DATA IN THIS EXERCISE:
______

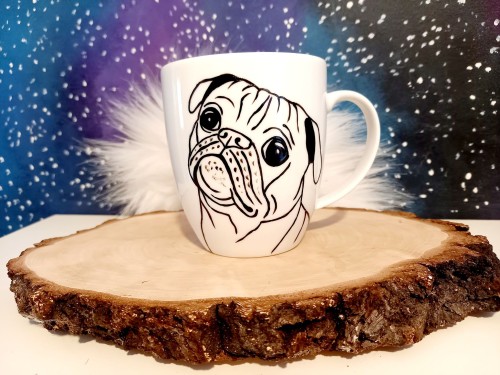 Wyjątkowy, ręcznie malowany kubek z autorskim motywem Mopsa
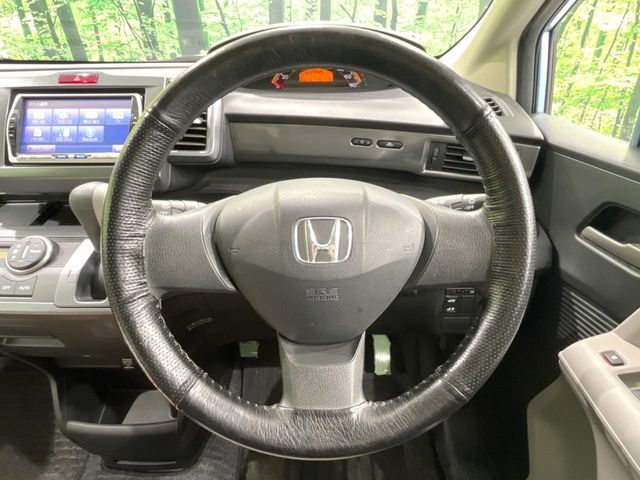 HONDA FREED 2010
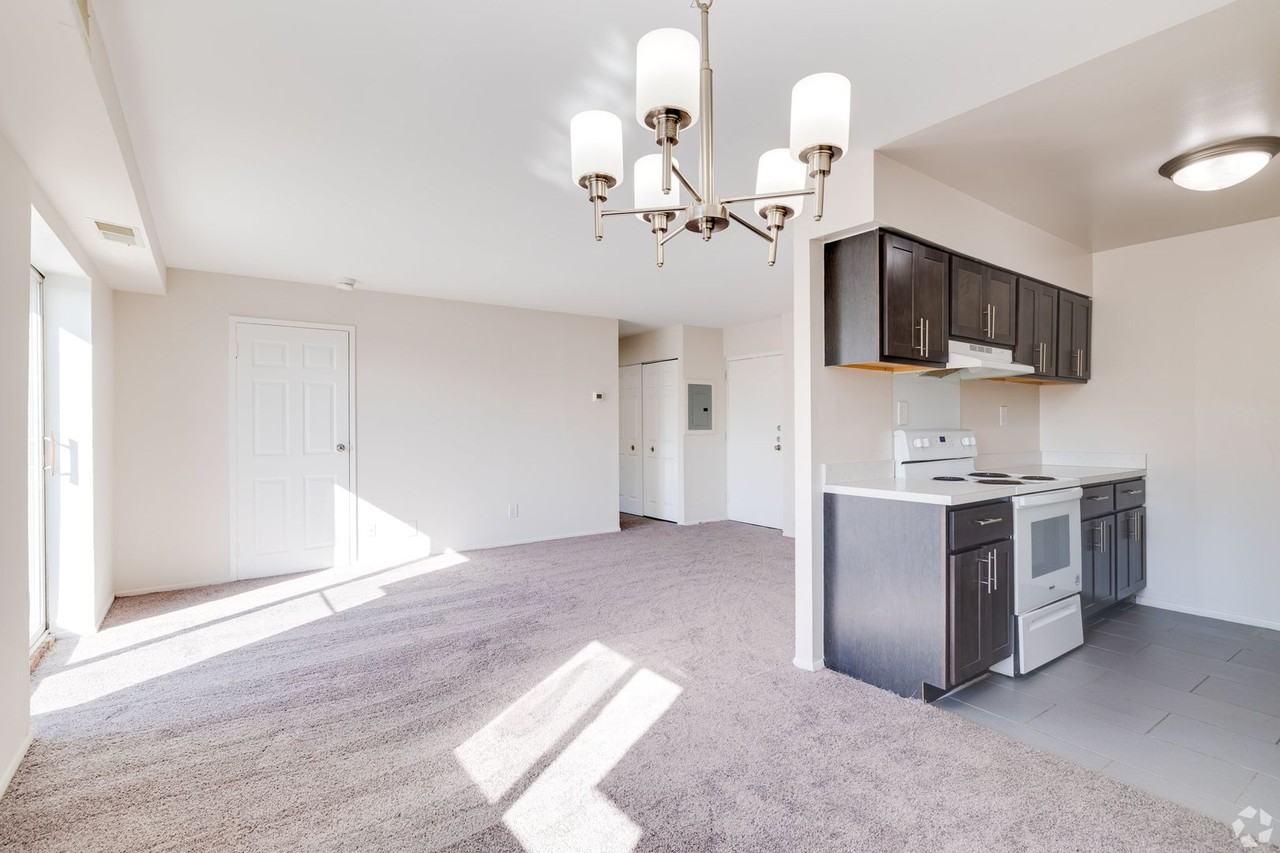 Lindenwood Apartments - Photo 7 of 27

______

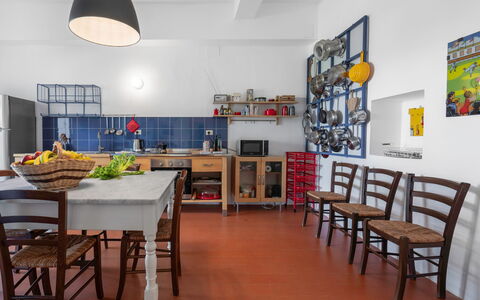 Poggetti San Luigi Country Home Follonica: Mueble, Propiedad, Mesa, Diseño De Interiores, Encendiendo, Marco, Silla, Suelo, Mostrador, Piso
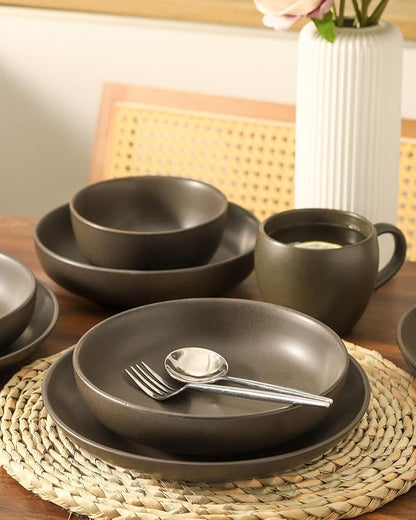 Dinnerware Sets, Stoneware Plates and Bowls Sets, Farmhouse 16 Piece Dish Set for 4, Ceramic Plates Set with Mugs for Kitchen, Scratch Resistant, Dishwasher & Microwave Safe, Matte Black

______

Copy only this from above: the line containing "HONDA FREED 2010", the line containing "Lindenwood Apartments - Photo 7 of 27", and all lines between, printed exactly. Leave out the pictures.

 HONDA FREED 2010
 Lindenwood Apartments - Photo 7 of 27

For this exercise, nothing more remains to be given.